Composability, homogeneity, and language-based systems

I’d like to describe and distinguish between three related but distinct ideas floating around in the small but vibrant community of…

Composability, homogeneity, and language-based systems

I’d like to describe and distinguish between three related but distinct ideas floating around in the small but vibrant community of alternative OS design: composable user interfaces (which I didn’t coin but popularized), homogeneous operating systems (coined by Eccentric Computing to describe TempleOS), and language-based systems (coined by Fred Schneider but generalized by Lukas Hartmann in his proposal for InterimOS).

A composable user interface is a system where components under control of the user can be combined together.

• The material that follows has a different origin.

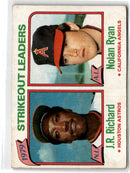 1980 Topps 1979 Strikeout Leaders - J.R. Richard/Nolan Ryan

For instance, command line tools in the UNIX command line are composable because they can be combined using pipes (and these compositions can be saved as shell scripts and reused in an automatic way), while a collection of graphical applications in X, although they can be used together by pasting the output of one into another, is not composable because the communication between them requires user input. A modicum of composability can be created in non-composable systems through an automation language (such as AppleScript), but because this is not an integrated part of the interface and a natural extension of normal use (the way pipes are for the command line), this does not make the UI itself composable. A composable UI can be text-based (for instance, practically every programming language has composability, and both bourne shells and the powershell allow for composition of foreign components), or they can be graphical (such as the Alto GUI or HyperNeWS), or they can be console-based (like emacs or TempleOS).

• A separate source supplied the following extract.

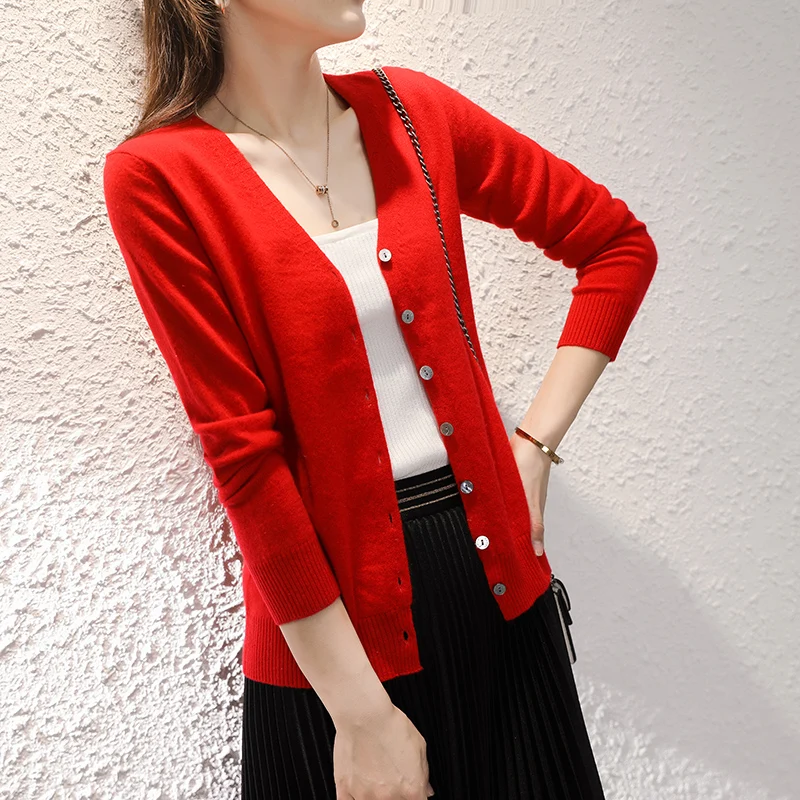 

2021 New 100% Cashmere Cardigan Women Coat Spring Autumn V-Neck Collar Warm Jacket Long Sleeve Soft Sweater Female Outwear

A fully homogenous operating system is an operating system where all layers of interaction operate by the same set of rules: the command shell interprets the same language you use to write device drivers and kernel modules, all hotkeys work in every context, and there are no special domains in which the rules of interaction change. We can look at homogeneity as a scale, however: TempleOS, LISP machines, and the Alto are extremely homogeneous — all running code is in the same language, which can be inspected and modified while it runs; Plan9 is slightly less homogenous, with a handful of realms: C code with resident source for system programs and command line tools, a bourne-style shell that can access all system facilities through an extremely consistent filesystem layer, and a graphical interface that is both internally consistent and integrated with the shell; the UNIX command line is less homogenous, with a separate privileged realm of C programs able to interact directly with APIs that the shell cannot; at the far end of extreme a-homogeneity is the original Mac OS and DOS, where applications are completely unaware of each other and fully incapable of any interaction, and where users cannot write meaningfully complex software with the normal mechanisms by which they interact with their computers but instead must seek out and learn specialized development tools.

It should be clear that a homogeneous operating system has both textual and non-textual components: even a fully command-line-based operating system (let alone a console-based one like TempleOS) has behaviors that, though keyboard-driven, aren’t a programming language proper & have no place in a source file but are nevertheless semantically meaningful to some kind of interpreter, such as line editing and job control. A language-based system is one that, in terms of this source-code-oriented perspective only, is homogeneous: all operations are in terms of well-defined behaviors in some particular language, and there are no special privileged domains beyond this, although there may be restricted domains on top of it.

There are two factors that tie these three ideas together: consistency and power. A composable user interface has the power of a programming language, regardless of its form. A homogeneous operating system has composability by definition, because the language in which system and application software is written must support composition, but its key feature is that the mechanism of this composition is consistent across layers of abstraction. A language-based system has an internally consistent ground level, and all other behavior must be consistent with and no more powerful than this underlying representation.

A fully homogeneous operating system is, then, a language-based system with a top-level user interface that is consistent with (structurally similar and equivalent in power to) the underlying language, and which manipulates the same domain.